Magazine
Sketches from the Book of Mormon: The Seven Prophets of the House of Jacob

Title
Sketches from the Book of Mormon: The Seven Prophets of the House of Jacob
Magazine
The Latter Day Saints' Millennial Star
Publication Type
Magazine Article
Year of Publication
1867
Authors
Maeser, Karl G. (Primary)
Pagination
759–760
Date Published
30 November 1867
Volume
29
Issue Number
48
Abstract
This article is a brief discussion of the seven prophets after Jacob and before King Benjamin. Maeser also summarizes the events that these prophets recorded.
SKETCHES FROM THE BOOK OF MORMON.
BY ELDER KARL G. MAESER.
THE SEVEN PROPHETS OF THE HOUSE OF JACOB.
Seldom has it been the good fortune of a Prophet, in the whole history of the kingdom of God, that the keys of the High Priesthood have been retained in his house for several succeeding generations; in a majority of cases, almost Amounting to a rule, we behold the mantle of the father falling upon another man instead of upon the son as we see the same principle verified in the instance of Joseph Smith, the great Prophet of this last dispensation. Not that the offsprings of those wise men had all been Hophnis and Phinehases, but that the Lord dispenses his gifts and callings according to principles, of which we scarcely have begun to understand the hint letters of the alphabet.
Whatever great and glorious things have been said of Jacob, the Prophet, the monument which his son has erected for him surpasses in beauty and grandeur the proudest mausoleum of a king; “I know that my father was a righteous for ho instructed me in his language, and also in the knowledge and fear of the Lord.” With this testimony his son Enos commences his own record testifying thereby besides his filial gratitude, his sincere appreciation of a good education, which was to him in itself already a sufficient evidence of the righteousness of his father. May all sons in Israel be able to bear a like testimony on their father’s grave, as Enos did on Jacob's.
Although the son and successor of a Prophet, having been brought up in the ways of God, and having no doubt, complied long ago with all the known requirements of the gospel, he nevertheless seeks, in repentant and humble prayer, that union with his Creator, without which no mortal can walk in safety and fulfil his destiny upon the earth. He is the first who has put on record the future destruction of the whole Nephite nation, and the final bringing forth of the plates again by the power of God as a testimony to future generations.
The notices which Jarom, Omni, Amarom, Chemish, and Abinadom, have left, give us, notwithstanding their, in some instances, self-accusing brevity, an idea of the turbulent times the Nephites had with their enemies, and also that many Prophets among the people endeavored to preserve them in the fear of God, and enforce, rigorously, his commandments.
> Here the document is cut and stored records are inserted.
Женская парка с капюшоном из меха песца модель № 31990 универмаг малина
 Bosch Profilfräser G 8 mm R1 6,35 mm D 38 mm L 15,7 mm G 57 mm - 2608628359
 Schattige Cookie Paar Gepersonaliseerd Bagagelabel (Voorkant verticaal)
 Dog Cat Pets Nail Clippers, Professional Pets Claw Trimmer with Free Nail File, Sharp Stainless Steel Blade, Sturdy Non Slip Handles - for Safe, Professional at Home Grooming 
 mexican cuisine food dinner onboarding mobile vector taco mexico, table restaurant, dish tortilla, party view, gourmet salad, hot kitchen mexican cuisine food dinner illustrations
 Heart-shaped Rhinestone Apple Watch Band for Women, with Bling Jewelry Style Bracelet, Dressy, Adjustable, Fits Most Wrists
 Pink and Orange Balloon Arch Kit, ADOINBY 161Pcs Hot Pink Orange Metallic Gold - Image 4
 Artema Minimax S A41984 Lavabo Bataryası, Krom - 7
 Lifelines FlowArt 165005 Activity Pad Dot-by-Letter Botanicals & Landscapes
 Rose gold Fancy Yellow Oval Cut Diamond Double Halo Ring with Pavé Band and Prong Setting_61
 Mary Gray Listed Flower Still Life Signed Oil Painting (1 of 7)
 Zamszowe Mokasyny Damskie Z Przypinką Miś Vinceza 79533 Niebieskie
But Amalecki, the son of Abinadom, is somewhat more explicit, although even he manifests, by his writings, that the old fire of Nephi, Jacob, and Enos, had gone down within him; but still we are indebted to him for his record, inasmuch as it gives us an account of a great change that took place in his time, with that portion of the Nephite nation that wished to be led by the Priesthood. It appears that a certain Prophet among the people, by the name of Mosiah, fled in compliance with a revelation, with all who wanted to render obedience to the voice of God, and discovered another people also dating their origin from forefathers, that had left Jerusalem at the time their own ancestors did, and guided by the hand of Providence in a similar way, had settled down on the western continent, calling their new home Zarahemla.
Mosiah, having been elected by the now united nations as their common king, not only taught the new discovered people his own language, and made a written record of their, hitherto, only traditional history, but also translated, by the power of God, the engravings upon a rock which related to a certain Coriantumr, who had lived for some time among the people of Zarahemla, and was a remnant of a third nation descending from parents who emigrated to this continent after the destruction of the Tower of Babel. The Lamanites must soon have found out the tracks of their hereditary enemies, for we see them again engaged in fighting the house of Nephi in his new home, although with rather poor success.
As it always has been and ever will be, discontented individuals and ambitious spirits wanted to strike out on their own account, contrary to the will of the Lord and his servants; thus we see at the end of Amalecki’s record, at two different times, expeditions starting northward to their former homes, but the end of both was the usual one.
Towards the evening of his life, Amalecki hands over the plates to king Benjamin, and the light of the house of Jacob, which had been constantly going down for a generation or two, only once brightening up again at the end, goes down forever in Amalecki, the last of the seven Prophets of the house of Jacob.